2008年11月9日日曜日

農業の規模拡大と退出の痛みの軽減

同じ事を何度も書いているように思いますが、現状をそのまま維持することで日本の農業を守ることが出来ないのは、誰の目にも明かでしょう。 農水省も、過去20年くらいの間に統計資料の対象から零細米農家を外したり、規模拡大農家への助成を増やす等、規模拡大に向かって少しづつ動いている様ですが、規模拡大をすれば、農家を止める(止めることを強制される)農家が発生する事は明らかであり、この農業から退出する人達への配慮がないと片手落ちではないでしょうか? どうも、規模拡大をする農家への助成などだけが検討されていても、退出する人達への配慮が見られないことが規模拡大の大きな障害になっているような気がしてなりません。  土地の所有権を維持したい退出農家が多いでしょうから、所有権を維持して賃借した場合の賃料に対する課税など、税制上の緩和策を採ることにより、もう少し規模拡大や農業の活性化が進むように思うのですが,,,。

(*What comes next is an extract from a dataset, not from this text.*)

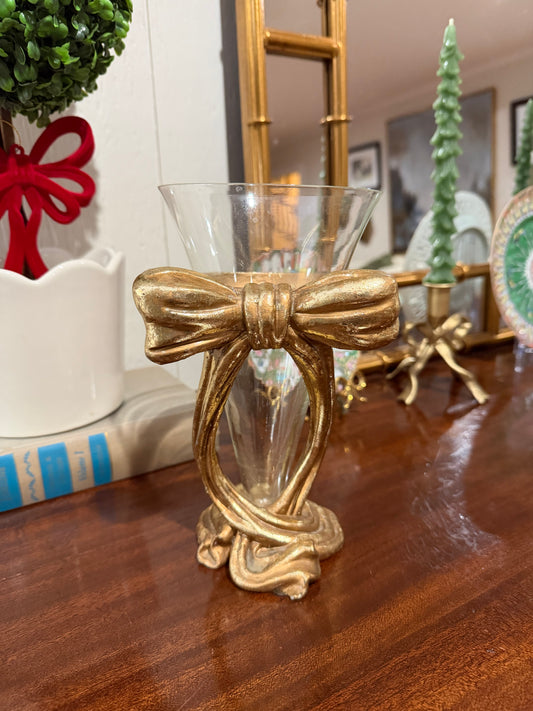 Gold Bow Vase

民主党の農業に対するばらまき助成や、対抗した自民党の最近の農業対策等、どうも長期的なビジョンが見えないし、いわゆる弱者(農業から退出せざるを得ない人達)への配慮も見られません。

高級品としてのりんご、みかんや米等の中国への輸出で、なにかこのままでも「高級品」のイメージで日本の農業が維持できるような誤解が有るような気がしていますが、それだけで日本の農業が維持できるとは到底思えません。 品質などは、高い値段で売れることが分かれば、誰もが真似をして結果として価格は下がるものですーそれが資本主義、市場主義なのですから。 高級品で売っていても、常にコスト低減を考えておかないと、いずれ衰退してしまいます。

早期に、今後10年の日本の農業ビジョンと、それに伴って発生する事になる退出者への優遇税制など、大きな枠組みでの農業政策が示され、関わる人達が胸を張って日々を送れるようになる日がくることを期待します。